Artist and former UNLV professor Stephen Hendee leaves for the Maryland Institute College of Art to teach 3D studies and contemporary practice in MICA's Foundation's Department, beginning Aug. 1.
The news is bittersweet for many in the community where Hendee and his wife, artist Catherine Borg, have been so influential.
Hendee was hired at UNLV in August 2004 to develop its 3D Foundations and Design Program. The couple immersed themselves in the Las Vegas art community, exhibiting their own work or participating in projects and curating exhibits. Their work in galleries and museums in other cities helped give Las Vegas a voice in the larger art world. Hendee's “Monument to Simulacrum” (stainless steel, 12 feet high and 9 feet in diameter), located in Centennial Plaza next to the Fifth Street School, was recognized by Art in America magazine as one of 2007's best public art projects.
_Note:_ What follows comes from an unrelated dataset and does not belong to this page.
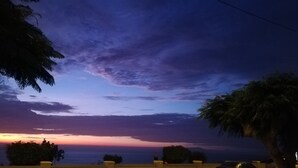 A sunset over a coastal area with palm trees and a clear sky. - Beautiful beachfront apartment a few minutes from the best Limeña beaches (Ciudad de Guatemala)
“They did so much for this town, even behind the scenes. I’m worried to see what happens when you take them out of the equation,” says artist and preparator JW Caldwell, whose sentiment is shared by community leaders, artists, former UNLV students and professors, many of whom sent written arguments and pleas to provost Michael Bowers. Additionally, tenured professors Aya Louisa McDonald and Helga Watkins filed letters alleging that the art department’s denial of tenure to Hendee last year was the result of a flawed, secretive and biased effort led by recently retired department chair Mark Burns.
Former students and colleagues have said that Hendee's departure is a huge loss for UNLV’s Department of Art.
“He’s a great teacher and a good mentor,” says New York City artist Yo Fukui, who received his MFA from UNLV in 2005. “He’s the best teacher I had at UNLV. He helped me think more professionally, took me to a different level and changed how I think about art. I’m still following it.”